The Act of 11 December 2016, which transposes the Enforcement Directive (2014/67/EU) into Belgian law was published in the Belgian State Gazette this past Tuesday. This act introduces some novelties with regard to the posting of workers.

As announced in our 5 June 2014 newsflash , the Posted Workers Directive (96/71/EC), which lays out the “hard core” of the terms and conditions of employment in case of secondment within the European Union or Switzerland, was strengthened by the Enforcement Directive (2014/67/EU).

The Act of 11 December 2016 provides that employees who are posted from Belgium to another Member State or Switzerland and who start proceedings against their employer for the non-respect of the Posted Workers Directive (96/71/EC) and/or the Enforcement Directive (2014/67/EU) may not be subjected to any unfavourable treatment.

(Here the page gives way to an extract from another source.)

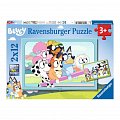Puzzle Bluey na hřišti 2x12 dílků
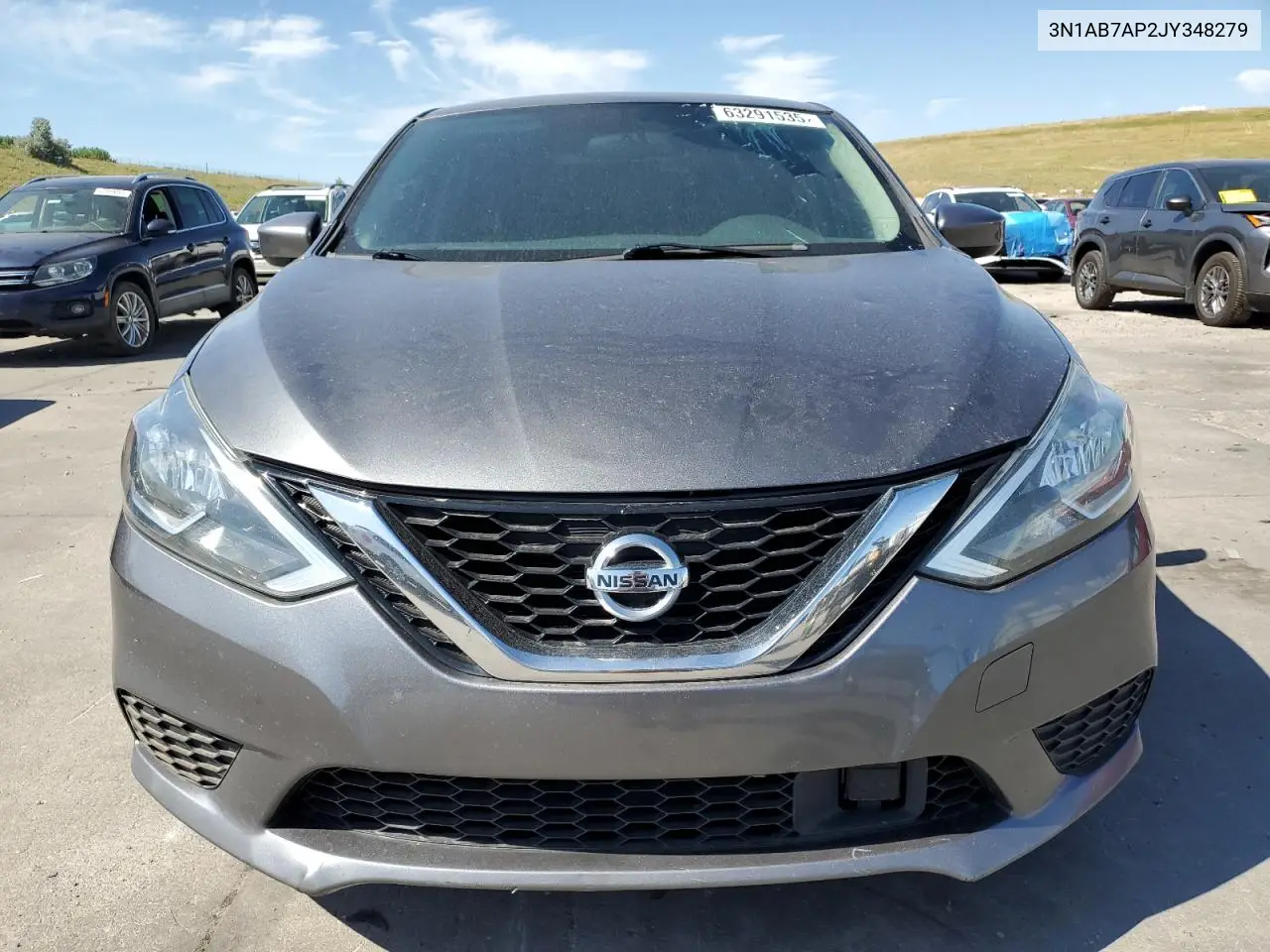 2018 Nissan Sentra S VIN: 3N1AB7AP2JY348279 Lot: 63291535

The Act also introduces a list of criteria to identify a genuine posting. In particular, by means of two non-exhaustive lists with factual elements one can assess if, on the one hand the worker temporarily carries out his or her work in Belgium and, on the other hand, if the foreign posting employer genuinely performs substantial activities in the Member State of establishment. These lists of elements can be added to by Royal Decree. Moreover, foreign employers who post workers to Belgium must designate a contact person (natural person) who will liaise on their behalf with the Belgian social inspectorate. The name of this contact person must be communicated to the social inspectorate through a procedure yet to be determined by Royal Decree.

In addition, the social inspectorate can request the posting employer to make available several documents with regard to the posted worker. These include:

(i) a copy of the employment contract of the posted worker (or equivalent document),
(ii) information about the payment of wages and benefits of the posted workers and the conditions of repatriation,
(iii) time-sheets and
(iv) proof of payment of wages.

The employer should keep these documents at the disposal of the social inspectorate for one year and provide, at the request of the authorities, a translation of these documents into one of Belgium’s official languages or into English.

Furthermore, a new complex system of joint liability is introduced for remuneration debts in the construction industry. This concerns a liability system for the direct contractor. This system will exist next to the existing system of joint liability for remuneration debts in high‑risk sectors and the system of joint liability in case of employment of illegal non-EU citizens.

Finally, the Act provides for a European system to facilitate the recovery of administrative penalties and/or fines for the non-respect of the posting rules in other EU Member States (and vice versa). 


> Action point:

The rules concerning the enforcement of remuneration and employment conditions for postings to Belgium have been strengthened. Keep this new legislation in mind.